[Crawled caption data]
= = =

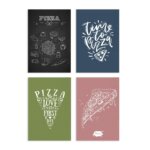 Placas Decorativas Pizza Momento MDF 20x30cm Kit 4un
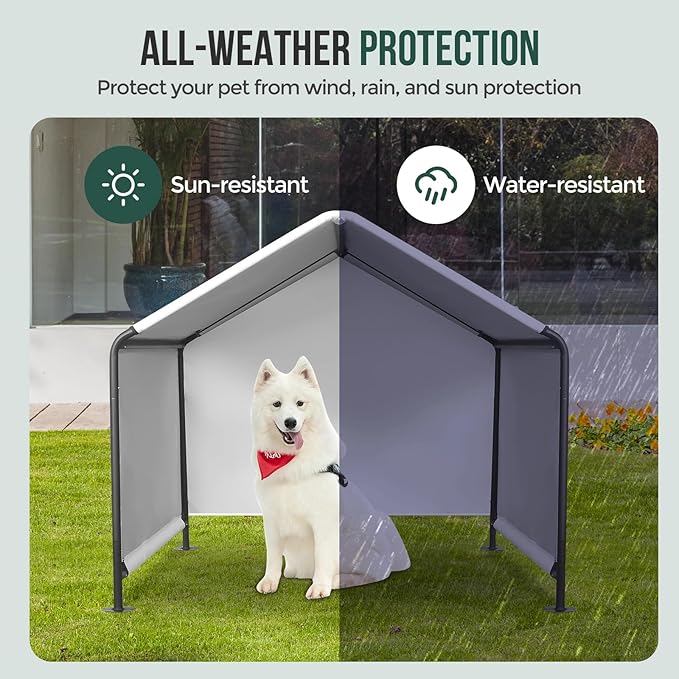 Dog Shade Shelter Outdoor Pet Tent for Dogs and Small Animals - Growfessor Waterproof, Sun Protection, with Ground Nails Pet Canopy with Upgraded Doors - 4'x4'x3' Dimensions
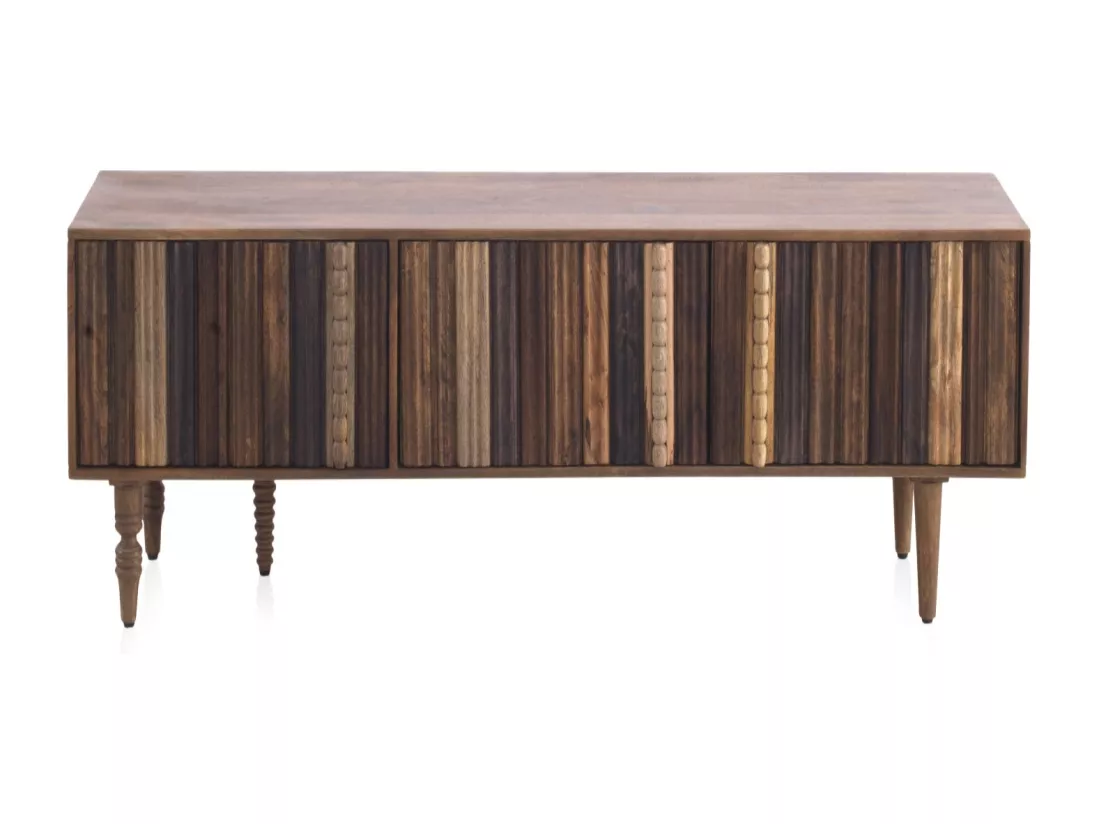 Meuble TV 3 portes multicolores en acacia massif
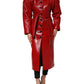 Dolce & Gabbana Red Wool Single Breasted Trench Coat Jacket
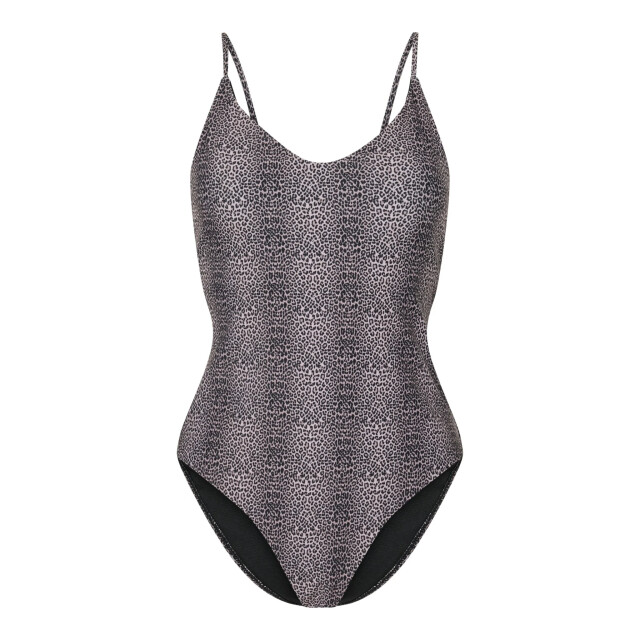 Pieces Dames badpak pcbaomi ronde hals zwart/luipaard print 17134623-Black MINI LEO large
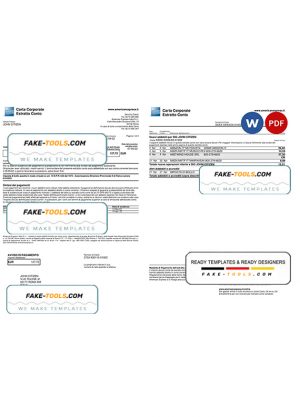 Italy American Express Amex bank card statement Word and PDF template, 3 pages Italy American Express Amex bank card statement Word and PDF template, 3 pages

= = =

Assigned task: What is needed is an exact output of the records above, with every picture left out.

Result:
 Placas Decorativas Pizza Momento MDF 20x30cm Kit 4un
 Dog Shade Shelter Outdoor Pet Tent for Dogs and Small Animals - Growfessor Waterproof, Sun Protection, with Ground Nails Pet Canopy with Upgraded Doors - 4'x4'x3' Dimensions
 Meuble TV 3 portes multicolores en acacia massif
 Dolce & Gabbana Red Wool Single Breasted Trench Coat Jacket
 Pieces Dames badpak pcbaomi ronde hals zwart/luipaard print 17134623-Black MINI LEO large
 Italy American Express Amex bank card statement Word and PDF template, 3 pages Italy American Express Amex bank card statement Word and PDF template, 3 pages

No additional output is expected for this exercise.